Especially Firefox is no surprise. The complete content is considered as one 
canvas and the modern web is just updating all the time. On a local system it 
doesn't matter, but on a remote it means transferring video data for which X 
is not suited for. The same more or less with OpenOffice. The rendering is 
probably done client side, so it transmits the complete document view as one 
image to X whenever it changes. If you are a fast typer that will be painful.

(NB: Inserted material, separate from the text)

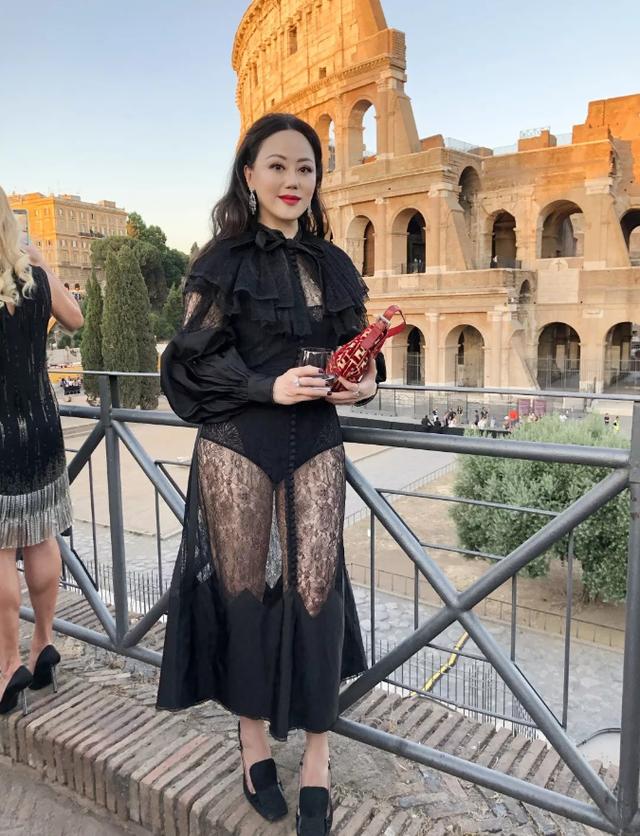 章小蕙在国外这么敢穿一袭蕾丝裙显出尤物身材哪像大婶的年纪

> The whole concept of X11 client (lots of resource typically
> running on a powerful server grade computer) and X11 server (limited
> resource merely a device to provide a mouse/keyboard and screen) seems
> to have been forgotten.
No :-) It had never been considered and there are better ways today. Think of 
the broadway HTML capabilities of GTK which gives you for example OpenOffice 
in a browser.
> On a positive note, you offered to tell me how KDE4 can be configured
> for a Terminal Server environment and I'll take you up on that; if only
> for my own education and to find out what I, and many others it seems,
> did wrong.
The general recommendations as already mentioned in this mail summarized:
* ensure graphics system is native
* disable all animations (everywhere)
* don't use Oxygen or any other heavy style - neither as window decoration nor 
as widget style
* switch to a less detail icon theme, best disable icons globally for 
toolbars, menus, etc. Each icon needs to be transferred uncompressed
* stick to an older version of KDE SC (max 4.8 I'd say), the latest ones use 
QML and are probably ignoring the animation settings everywhere because it has 
become so easy to do animations.
> 
> However, if TDE carries on the way it has been then I can't see myself
> moving away from it.
My personal advice is to reconsider the setup and think about whether X is the 
proper choice. If you still think X is the proper choice rethink what you want 
to use. Both GTK and Qt have moved away from using X for rendering, so you 
need something extremely simple which uses plain old X for everything. Maybe 
openbox is a solution - LXDE, though, isn't as they also switch to Qt.